Daniel, Tobias, Renato and myself have been looking a little bit at the potential underlying reason
for why http://llvm.org/perf/ is instable, and have found some clues. I want to share them here
to give people with more experience in the frameworks used by LNT (flask, sqlalchemy, wsgi, …)
a chance to check if our reasoning below seems plausible.
Daniel noticed the following backtrace in the log after http://llvm.org/perf started giving “Internal Server Error”
again:
2015-05-08 22:57:05,309 ERROR: Exception on /db_default/v4/nts/287/graph [GET] [in /opt/venv/perf/lib/python2.7/site-packages/Flask-0.10.1-py2.7.egg/flask/app.py:1423]
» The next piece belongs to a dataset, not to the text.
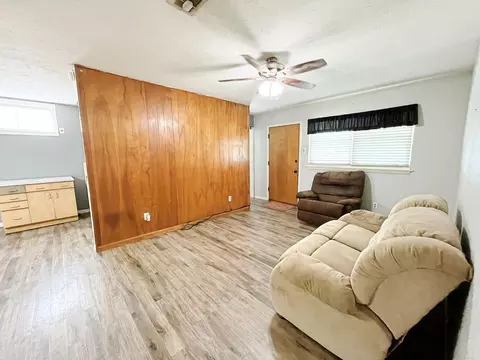 Living - 904 Miranda Dr, Mesquite, TX 75149 photo 3 of 4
Traceback (most recent call last):
File “/opt/venv/perf/lib/python2.7/site-packages/Flask-0.10.1-py2.7.egg/flask/app.py”, line 1817, in wsgi_app
response = self.full_dispatch_request()
File “/opt/venv/perf/lib/python2.7/site-packages/Flask-0.10.1-py2.7.egg/flask/app.py”, line 1477, in full_dispatch_request
rv = self.handle_user_exception(e)
File “/opt/venv/perf/lib/python2.7/site-packages/Flask-0.10.1-py2.7.egg/flask/app.py”, line 1381, in handle_user_exception
reraise(exc_type, exc_value, tb)
File “/opt/venv/perf/lib/python2.7/site-packages/Flask-0.10.1-py2.7.egg/flask/app.py”, line 1475, in full_dispatch_request
rv = self.dispatch_request()
File “/opt/venv/perf/lib/python2.7/site-packages/Flask-0.10.1-py2.7.egg/flask/app.py”, line 1461, in dispatch_request
return self.view_functionsrule.endpoint
File “/opt/venv/perf/lib/python2.7/site-packages/LNT-0.4.1dev-py2.7.egg/lnt/server/ui/decorators.py”, line 67, in wrap
result = f(**args)
File “/opt/venv/perf/lib/python2.7/site-packages/LNT-0.4.1dev-py2.7.egg/lnt/server/ui/views.py”, line 385, in v4_run_graph
ts = request.get_testsuite()
File “/opt/venv/perf/lib/python2.7/site-packages/LNT-0.4.1dev-py2.7.egg/lnt/server/ui/app.py”, line 76, in get_testsuite
testsuites = self.get_db().testsuite
File “/opt/venv/perf/lib/python2.7/site-packages/LNT-0.4.1dev-py2.7.egg/lnt/server/ui/app.py”, line 55, in get_db
self.db = current_app.old_config.get_database(g.db_name, echo=echo)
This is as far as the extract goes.